Richard Russo is the author of the Pulitzer Prize–winning Empire Falls (2001), which, like his other novels (including Bridge of Sighs, ), are firmly rooted in struggling blue-collar towns. That Old Cape Magic represents a geographic departure for the author.
The Story: Jack Griffin, a 55-year-old English professor experiencing a midlife crisis, and his wife drive down to Cape Cod, where he summered as a child, to celebrate the marriage of their daughter’s best friend. As he searches for an elusive happiness, he ruminates on his life—his snobby academic parents’ neuroses (he carries around his father’s ashes in his trunk in the hope of gathering the courage to scatter them on Cape Cod), his New England teaching and Hollywood screenwriting career, and his deteriorating marital relationship. A year later, another wedding brings into sharp relief the ghosts of his past: the hopes, dreams, and disappointments of his marriage, and the binds that unite the generations.
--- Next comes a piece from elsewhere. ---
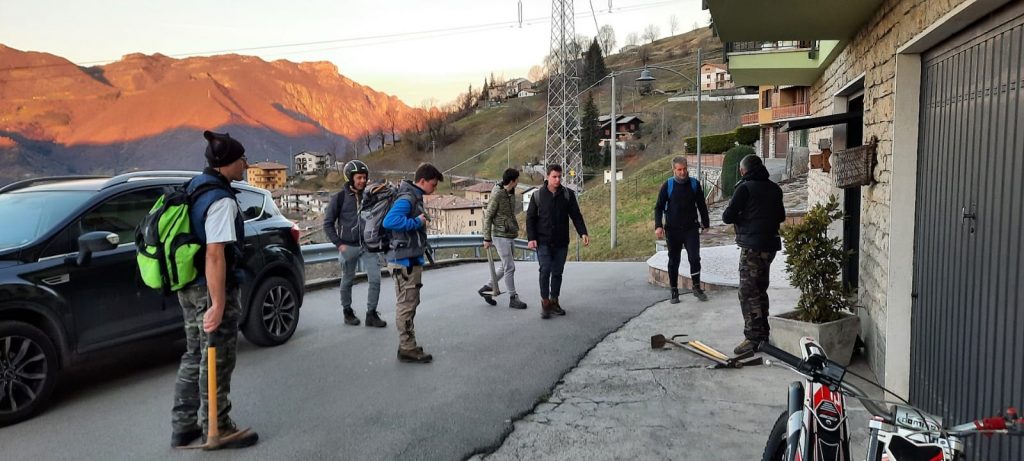 Foto FB Associazione Santa Croce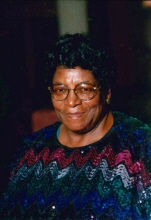 imogene williams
Knopf. 261 pages. $25.95. ISBN: 978-0375414961
NY Times Book Review
"The past drama of the parents’ marriage is relayed in comically dreadful flashbacks: the ghastly, manipulative graduate student who entraps the father after his divorce; the nightmare retirement dinner for the acidulous mother, who uses it as an opportunity to declare her real feelings. … Russo clearly enjoys himself as careers topple, good taste is outraged and professional ethics are mauled." Roxana Robinson
Oprah Magazine
"In one of America’s most mythic landscapes, Russo details one man’s shaky first steps out of his past and into self-knowledge with good humor, generosity, and an open heart." Pam Houston
USA Today
"Russo has a gift for creating flawed characters you care about, despite or because of their flaws. … Amid the humor, it raises questions about the complications we inherit and the ones we build for ourselves." Bob Minzesheimer
Washington Post
"Although this is a much smaller canvas than Russo has worked on in recent years, what That Old Cape Magic lacks in breadth and plot momentum it makes up for with psychological nuance about the ties that bind—and snap. It’s a marvelous portrayal of the strands of affection and irritation that run through a family, entangling in-laws and children’s crushes and even old friends." Ron Charles
Minneapolis Star Tribune
"Gone though the decaying mill town may be, Russo’s signature difficult parents, forever distorting life for their offspring, are very much in evidence. … [Griffin’s] misadventures along the way are of a contemplative sort, which makes this novel perhaps a little more like life than most, for better or for worse." Ellen Akins
Los Angeles Times
"When essentially serious literary novelists venture into physical or screwball comedy … it often seems as if they are amping up the silliness quotient with an eye on the big screen. … It boasts a tight single-year timeline, photogenic locations, lots of physical comedy and snappy dialogue." Heller McAlpin
New York Times
"The autobiographical-sounding Jack Griffin feels adrift after having lived in the worlds of both moviemaking and academia and is no longer sure where his heart or his talents lie. This entertaining but facile book suggests that Mr. Russo is himself contemplating those same questions." Janet Maslin
Philadelphia Inquirer
"The awkward and angst-infused re-creation of adolescent longing and confusion places Russo back on the firm footing so evident in the novels of small-town Upstate New York with which he made his name. … Russo often writes beautifully, but in Griffin he’s created a less than likable protagonist painfully slow to figure out readily apparent life lessons." Dan DeLuca
Critical Summary
Set in Cape Cod, California, and Maine rather than upstate New York, That Old Cape Magic is smaller in scope than Russo’s previous novels but nonetheless contains Russo’s trademark psychological complexity. While reviewers disagreed about the novel’s overall success, they concurred that Griffin’s quarrelsome, bitter parents—whom Griffin can’t seem to shed—steal the show. Another favorite was the story within a story called "The Summer of the Brownings," about Griffin’s childhood friendship during a Cape Cod holiday. But critics were generally split on the comic, slapstick set pieces, Griffin’s wearying narrative voice, and the story line’s predictability. Still, Russo fans will find much to enjoy here—though, hopefully, they will not identify with the familiar souls who blunder their way through life.